• How to complete this task
Starting with the line that contains "3D Printed Owl", repeat exactly every line through the last one in the records below, and leave out the pictures.

(Beginning of Dataset excerpts)

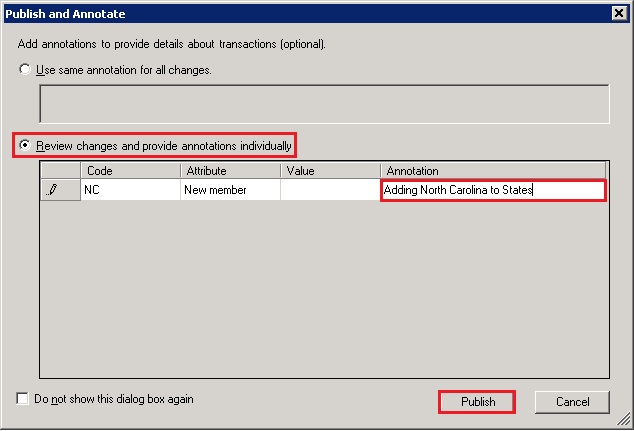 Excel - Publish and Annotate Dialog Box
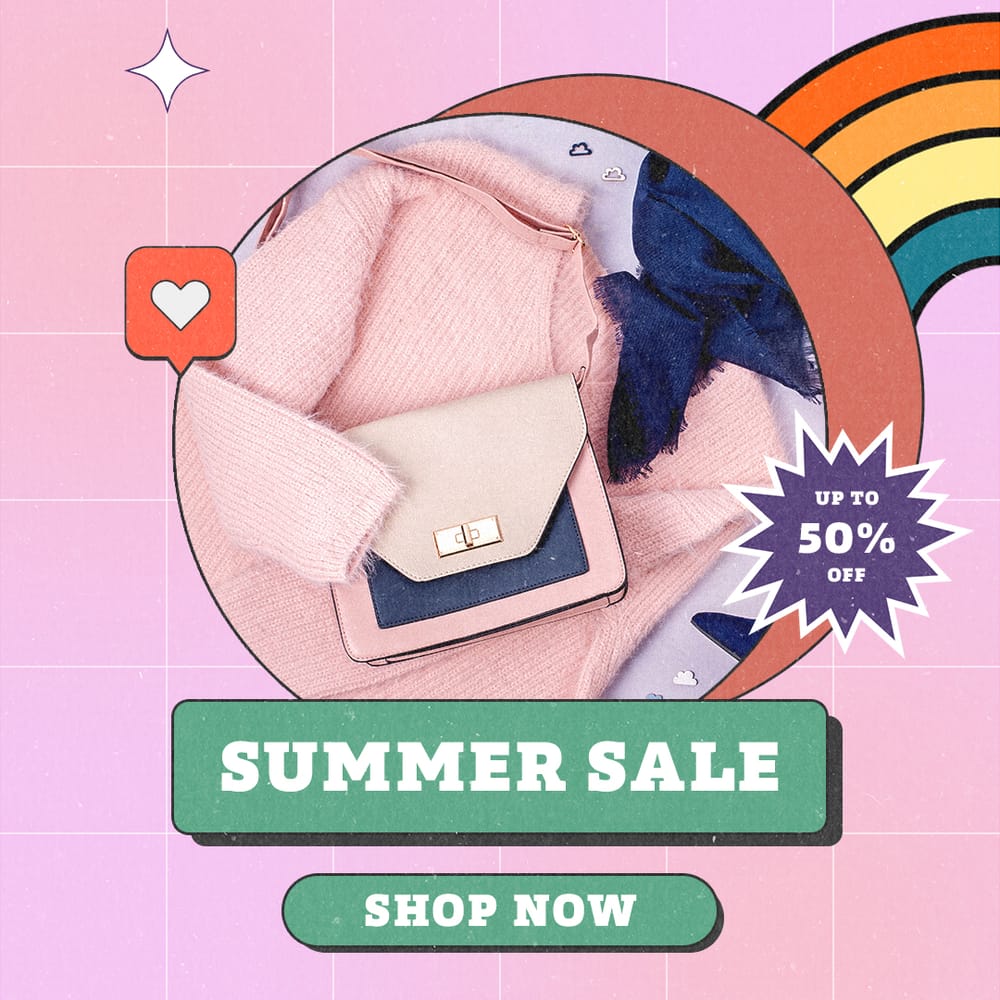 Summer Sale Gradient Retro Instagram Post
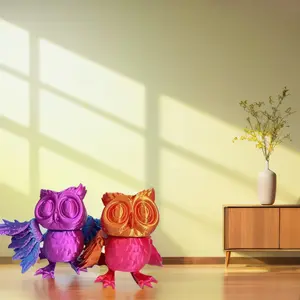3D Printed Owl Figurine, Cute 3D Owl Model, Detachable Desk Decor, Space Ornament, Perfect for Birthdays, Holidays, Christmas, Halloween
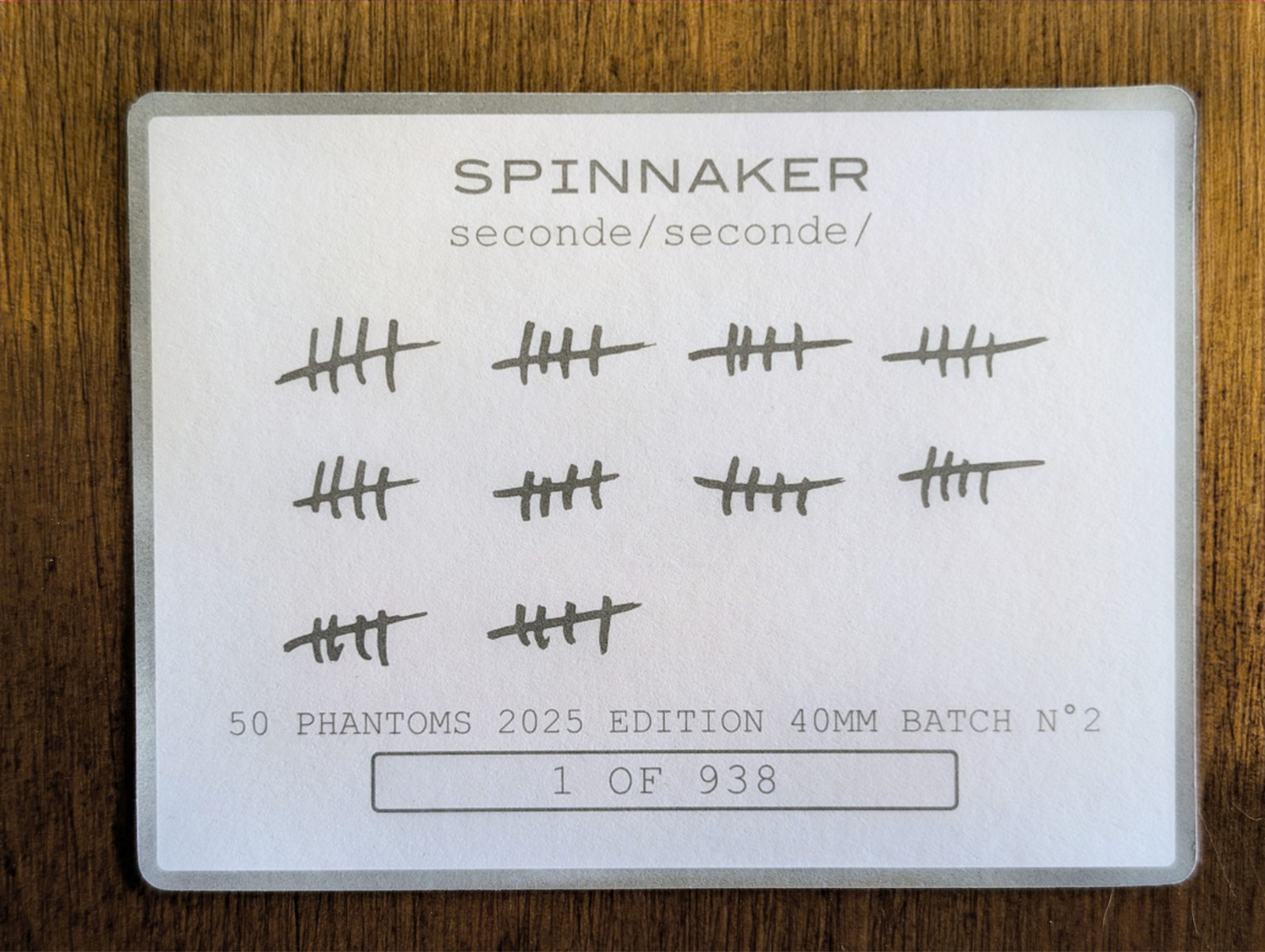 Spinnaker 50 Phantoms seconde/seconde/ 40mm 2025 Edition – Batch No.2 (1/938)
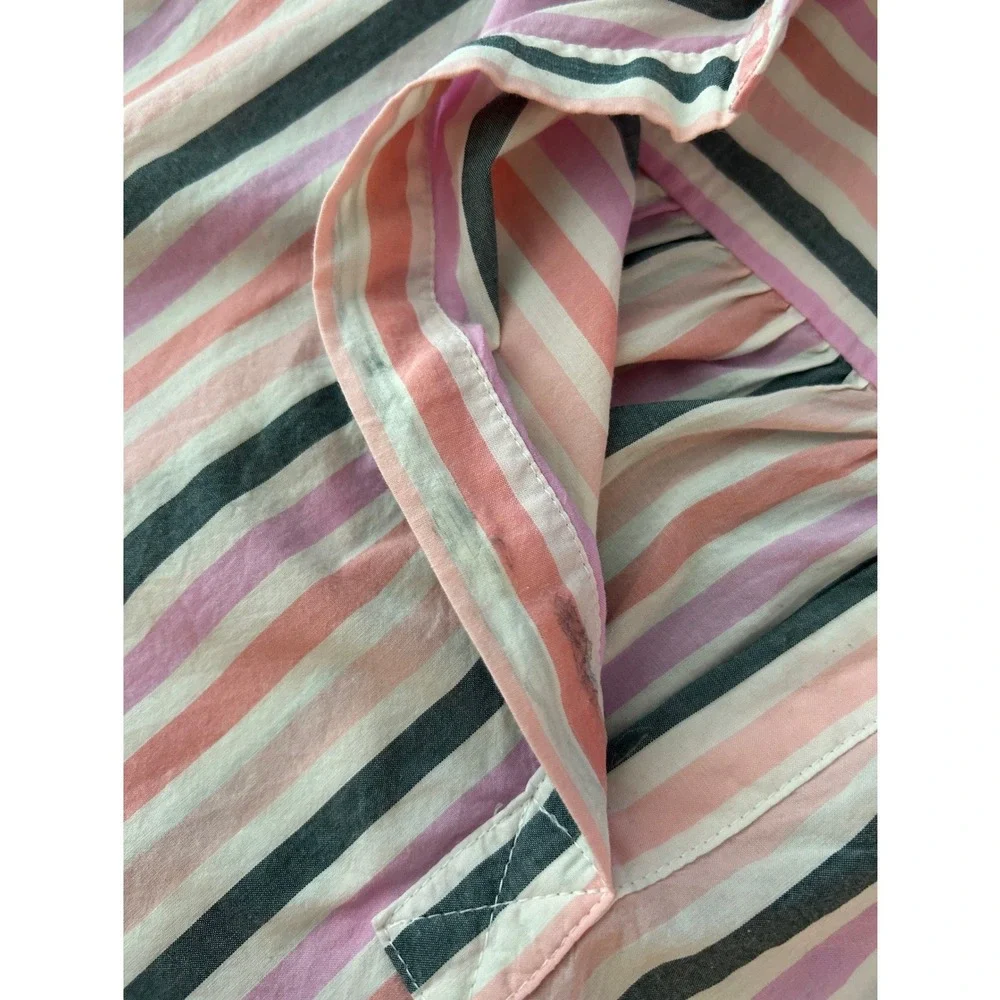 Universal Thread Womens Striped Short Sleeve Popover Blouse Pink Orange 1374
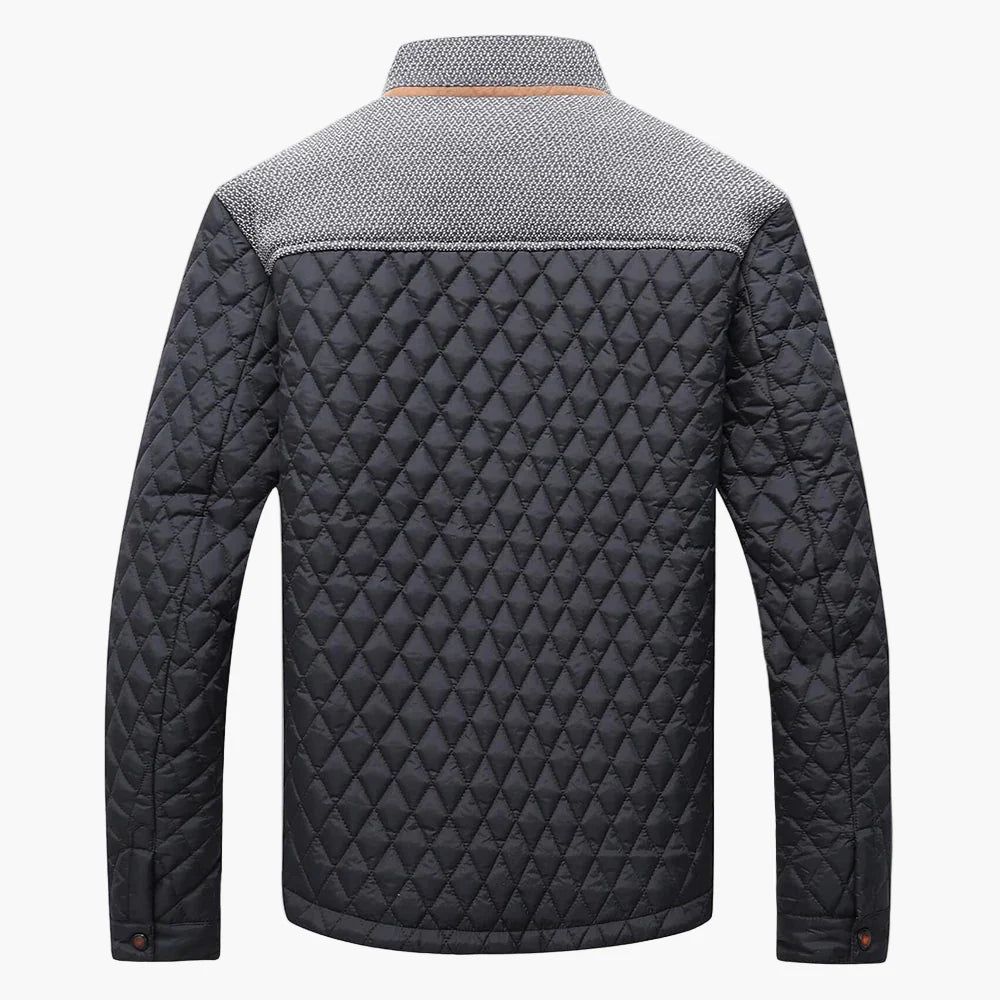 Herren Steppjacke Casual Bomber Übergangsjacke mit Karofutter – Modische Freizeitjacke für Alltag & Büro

(End of Dataset excerpts)

• Answer below
3D Printed Owl Figurine, Cute 3D Owl Model, Detachable Desk Decor, Space Ornament, Perfect for Birthdays, Holidays, Christmas, Halloween
 Spinnaker 50 Phantoms seconde/seconde/ 40mm 2025 Edition – Batch No.2 (1/938)
 Universal Thread Womens Striped Short Sleeve Popover Blouse Pink Orange 1374
 Herren Steppjacke Casual Bomber Übergangsjacke mit Karofutter – Modische Freizeitjacke für Alltag & Büro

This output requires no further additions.